* _What you should do_:
The expected output is an exact copy of the lines from the one containing "关于！微乐广西麻将神器a3(为啥总是输)" to the final line below, minus any pictures.

* _Provided records_:
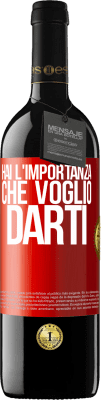 39,95 € Spedizione Gratuita | Vino rosso Edizione RED MBE Riserva Hai l'importanza che voglio darti Etichetta Rossa. Etichetta personalizzabile Riserva 12 Mesi Raccogliere 2016 Tempranillo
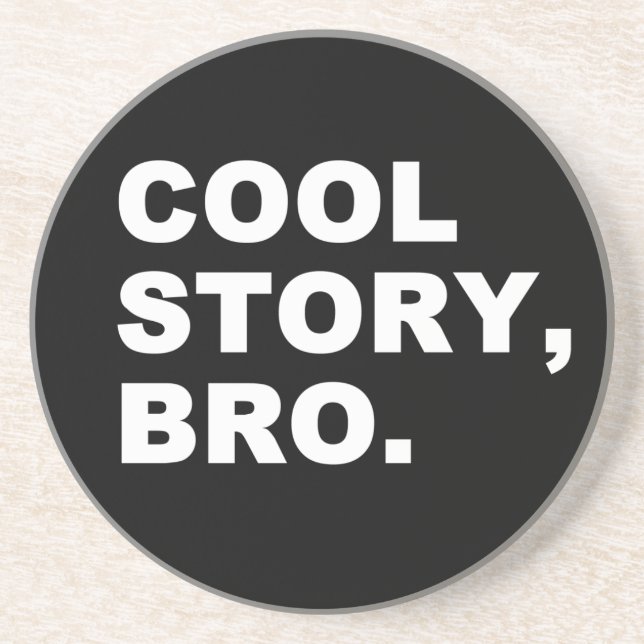 Posavasos De Arenisca Cool Story Bro (Frente)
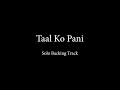 Taal ko pani  guitar solo backing track  nepathya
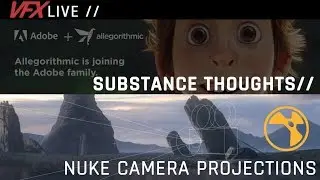 VFX LIVE: Substance News / NUKE VS AE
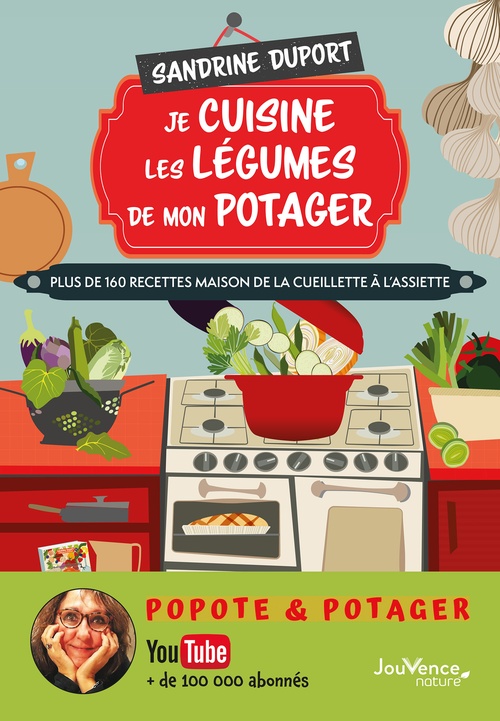 ebook cover of Je cuisine les légumes de mon potager, by Sandrine Duport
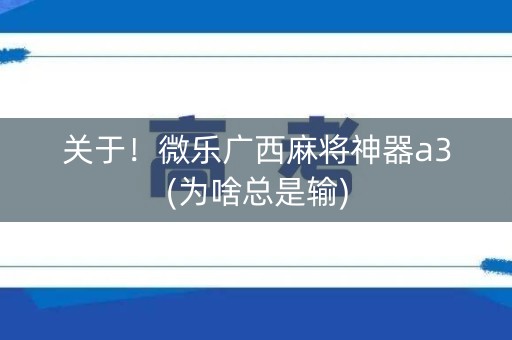 关于！微乐广西麻将神器a3(为啥总是输)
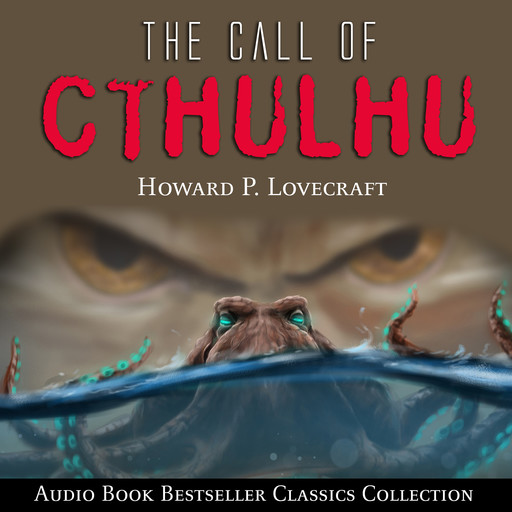 The Call of Cthulhu: Audio Book Bestseller Classics Collection, Howard Lovecraft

* _Written answer_:
 关于！微乐广西麻将神器a3(为啥总是输)
 The Call of Cthulhu: Audio Book Bestseller Classics Collection, Howard Lovecraft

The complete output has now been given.